How West Conn Used Google Sheets to Build a Wristband Communication System

Feb 8, 2021 | Offense, Tempo and Communications, Game Planning

By Joe Loth
Head Football Coach
Western Connecticut State University
Twitter: @CoachLoth

 

We currently use a combination of offensive wristbands and one-word plays on offense at Western Connecticut State University. The wristband system has allowed us to run a high volume, alignment specific offense without having the meeting time a major college program has in the season, off-season, and summers. We will lean on our wristbands if we are a young team and utilize more 1-word calls if we are a more veteran squad. It allows us to operate seamlessly when there has been offensive staff turnover. Most importantly, it removes a tremendous amount of rogue memorization for our players which allows them to play faster and handle a larger volume of offense.
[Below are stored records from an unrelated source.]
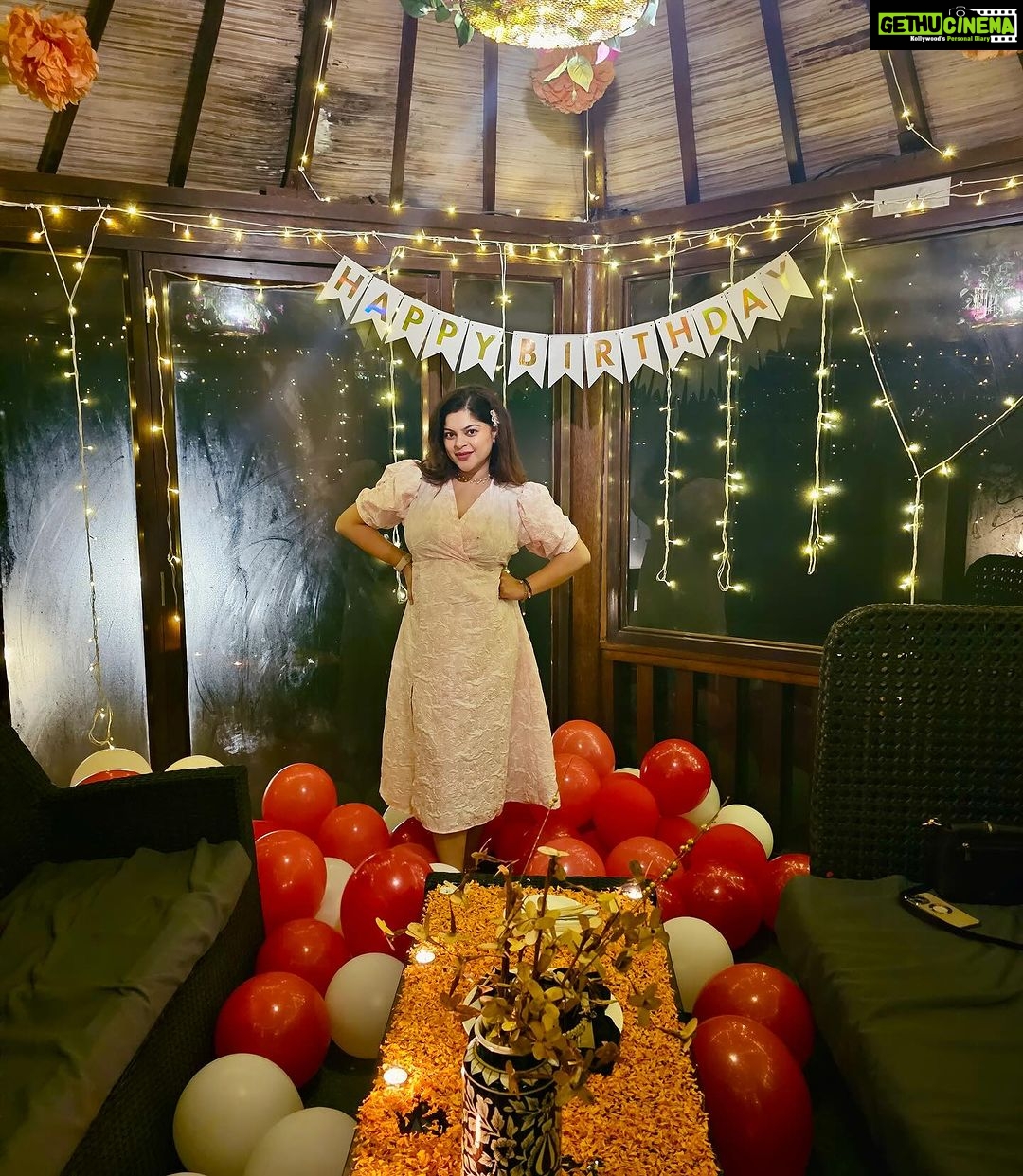 Sneha Wagh Instagram - Birthday Night 💝 Done Right 🎉 . . . . . . #bhyp #bhfyp #birthday #birthdaynight #snehawagh #sarangesneha #ssnehawagh #love #gazebo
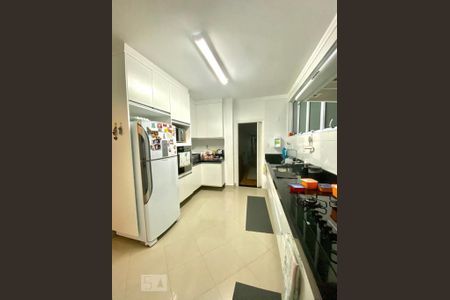Apartamento à venda com 230m², 3 quartos e 2 vagasCozinha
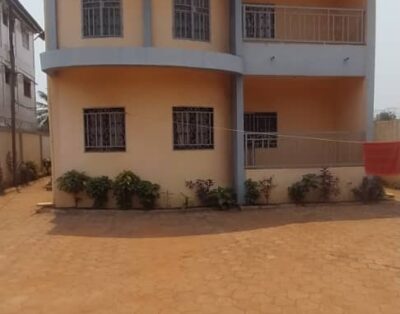 Location de maison meublée à Benzvi – Maison 2 chambres avec climatisation et balcon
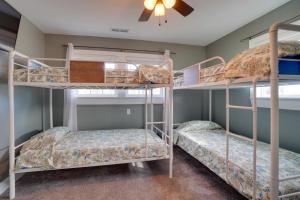 Postel nebo postele na pokoji v ubytování Table Rock Lake Home - Fire Pit and Lake Views!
We have been running our core spread offense since 2007 when I was the head coach at Otterbein University.  Starting in 2006, we originally used a simplified wristband process with only our quarterback wearing one.  He used the wristband like how the NFL uses their wristbands. We signaled in a wristband number to the quarterback and he read the formation and play to the offense in the huddle.  The biggest challenge we had back then was having to put 2 calls on the wristband for every play to account for what hash the ball was on. It also did not allow us to go fast. In addition to finding a play to call we had to match the hash to the call in. In 2012 when I became the head coach at Western Connecticut, we transitioned our offense to a true no-huddle, signaling in the formation and play from the sideline. We utilized that for one full season but ended the season frustrated when our best player struggled with the rogue memorization of learning the signals and then pulling his specific assignment and alignment from our calls. We felt we had to simplify our system at times. We ultimately had to develop a specific set of signals specifically for him, sometimes just yelling in what he had on that play.

After the 2012 season, I had hired a local CT high school coach, Chuck Lynch, on my staff to coach running backs. He talked to me about how he used a wristband system for his entire offense and had a wristband for every position at his former high school. I arrogantly dismissed the idea thinking it was just a high school thing that wouldn't work. Plus, the system he talked about didn’t fit our offense.  It had left and right WR’s and had limited to no motion calls. We were a field/boundary-based passing offense and an even/odd running game.  Two weeks before spring practice began, we started to put our install together for our no-huddle signal-based offense. We once again faced the obstacle of how we get all of our best players to play fast, memorize a high-volume offense plus getting our best player to just operate within this system. How do we create signals for all our operations? We sat down as a staff and created a wristband system that allowed us to play with field and boundary receivers, allows us to play fast, be multiple, and ultimately has allowed our skill players to eliminate the amount of rogue memorization of play calls to allow them to play quicker and to handle a larger volume of plays.

The benefits of using our system for our players have been the following. Our skill players are told their specific alignments and assignments on every play. Once they learn our basic alignments and assignments this can be applied to multiple calls. Giving them specific landmark alignments has allowed us to create consistent spacing in our passing game.  We have also developed an easy to learn blocking assignment system that defines not only whom to block but with what kind of leverage and technique. The Quarterback has the entire call on his wristband, this call has the formation and play and sometimes a QB cheat word on it to help him operate the play. We have created a very systematic RPO system that ties blocking responsibilities together with the perimeter receivers and offensive line and identifies the defender for the QB and offensive line that we are putting in conflict.  The offensive line will know on every play whom we are reading on the perimeter in the RPO game.

We feel we have solved some of the issues for people that may already be using wristbands. These issues include not having to create left and right hash calls but a universal call that works on both hashes, the ability to specifically align players with landmark alignments, the ability to easily print the wristbands. We have created a signal board system to call the system.  We have also tied our online database to our physical playbook. We have also created a process of categorizing our plays to make practice and game day sheets easier for the coaches to utilize. Lastly tying our base wristband columns to specific formations has allowed us to freeze formations and make calls from them, but just as importantly align in practice to do a walk-thru.